Дата - ночь 14 июля 1789 года, место - Париж. Именно тогда Людовик XVI услышал от герцога Ларошфуко-Лианкура, что Бастилия пала, заключенные освобождены, а королевские войска обращены в бегство толпой восставших. Диалог, который произошел между королем и его вестовым, поразительно краток и чрезвычайно показателен. Король, как известно, воскликнул: C'est une revolte, но Лианкур его поправил: Non, Sire, c'est une revolution![70]. В этом диалоге слово "революция" в последний раз употребляется в качестве старой метафоры, низводящей свое значение с небес на землю; именно в этом диалоге, и возможно впервые, в употреблении этого слова акцент сделан не на подчинении вращательного, циклического движения закону, а на его неодолимости[71]. Происходящие события все еще рассматриваются через призму движения звезд, однако упор сделан на том, что остановить эти события уже не в человеческой власти и что "революция" уже сама себе закон. Король, назвав штурм Бастилии бунтом, утверждал свою власть и указывал, что в его распоряжении имеются средства насилия, достаточные для подавления волнений. Лианкур же отметил, что случившееся неодолимо, как движение звезд, и оно не подчиняется власти короля. Что видел Лианкур, и что должны видеть мы, читая этот странный диалог?
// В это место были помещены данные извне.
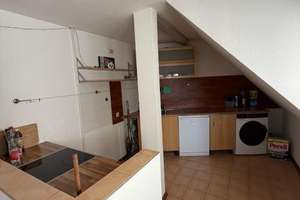 Zentral gelegene 2 Zimmer DG Wohnung  – Die vollständige Adresse der Immobilie erhältst du vom Anbieter., 70372 Cannstatt-Mitte, Stuttgart – Vorschaubild 4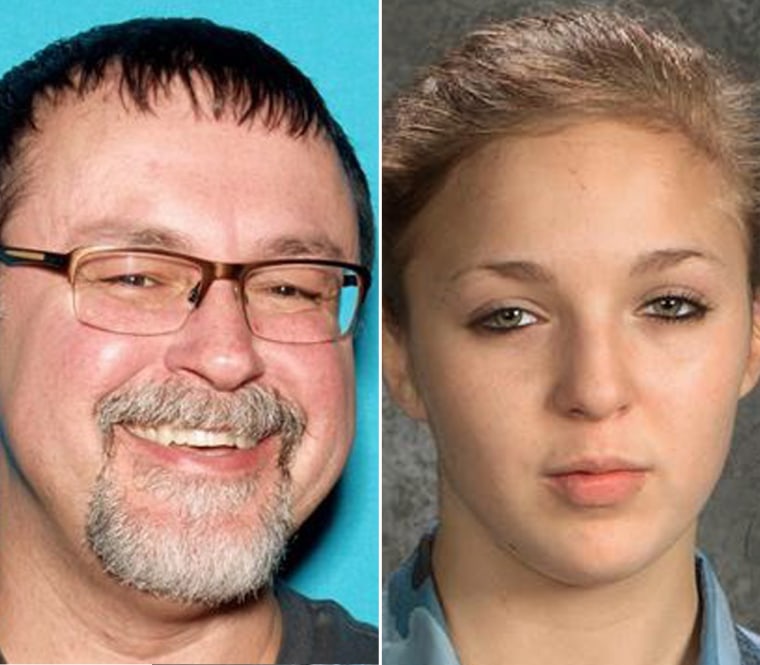 Tennessee Teacher Tad Cummins Arrested In California Teen Elizabeth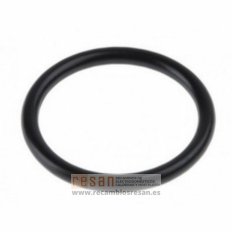 Junta torica EPDM e:2,62 mm dint:17,86 mm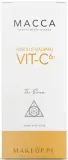 Сыворотка для лица Macca Absolut Radiant Vit-C с витамином C 6% и экстрактом граната антиоксидантная 30 мл — фото 2
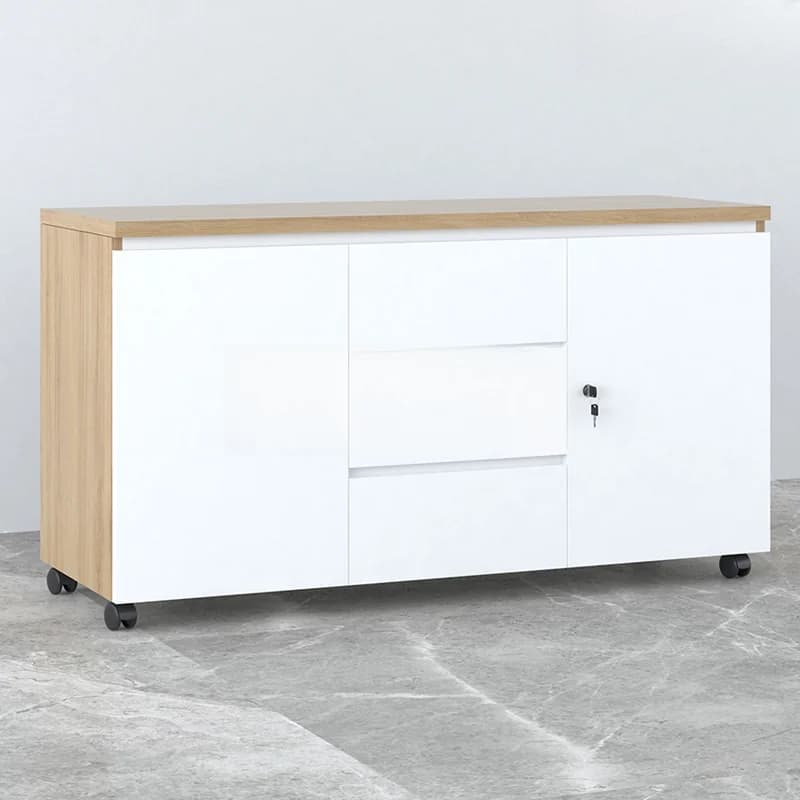 Tủ phụ di động TP01-MT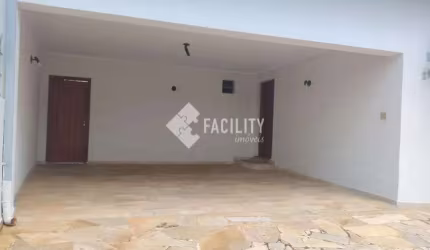 Casa com 4 quartos à venda na Rua Professor Nicolau Marchini, 216, Parque São Quirino, Campinas, 220 m2 por R$ 830.000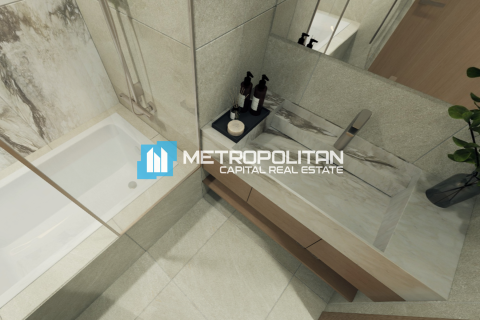 شقة للبيع في أبو ظبي، الإمارات العربية المتحدة 2 غرفة نوم ، 120.2 متر مربع ، رقم 695648 - صورة 10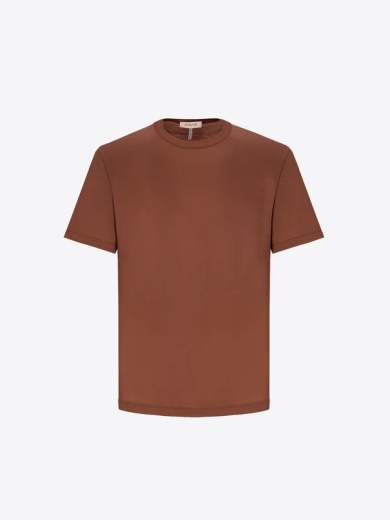 DISTRETTO 12 T-SHIRT MENTA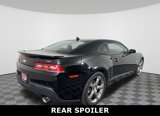 Used 2014 Chevrolet Camaro LT w/ RS Package image 3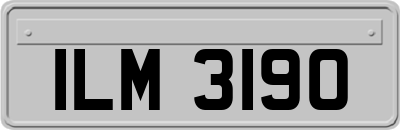 ILM3190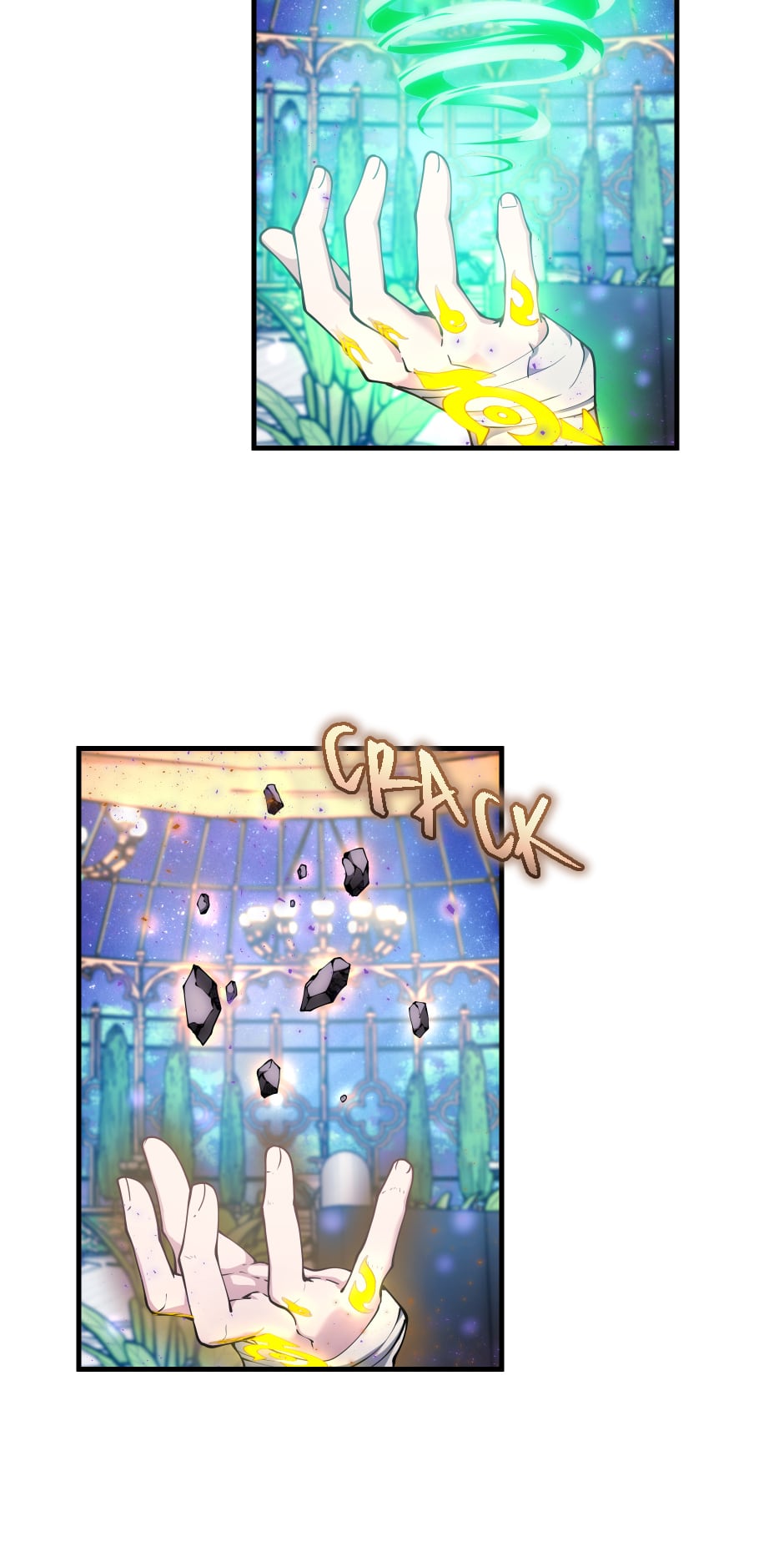 The Beginning After The End chapter 159 page 12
Что являлось неодолимым и бесповоротным?
68
О гражданине - часть философской трилогии Основы философии английского философа Томаса Гоббса (1642) (прим. перев.)
69
Все изменилось в физическом порядке; и все должно измениться в порядке моральном и политическом (фр.).
71
Гриванк в уже упомянутой мной в примечании 24 статье отмечает, что фраза «Это революция» была первоначально вложена в уста французского короля Генриха IV в связи с его обращением в католичество. В качестве свидетельства он приводит биографию 1енриха IV, принадлежащую перу Ардуэна де Перефикса (Péréfixe, Hardouin de. Histoire du Roy Henri le grand. Amsterdam, 1661 ), который комментирует события весны 1594 года следующими словами: губернатор Пуатье [маркиз д’Элбёф] «предвидел, что не сможет воспрепятствовать этой революции, если будет позволено идти вслед и действовать заодно с Королем». Как поясняет Гриванк, идея неодолимости здесь все еще нерасторжимо сочетается с исконным астрономическим значением движения, «возвращающегося » назад к исходному пункту. Ибо «Ардуэн рассматривал все эти события как возврат французов к их prince naturel*». Однако Лианкур явно не имел в виду ничего подобного.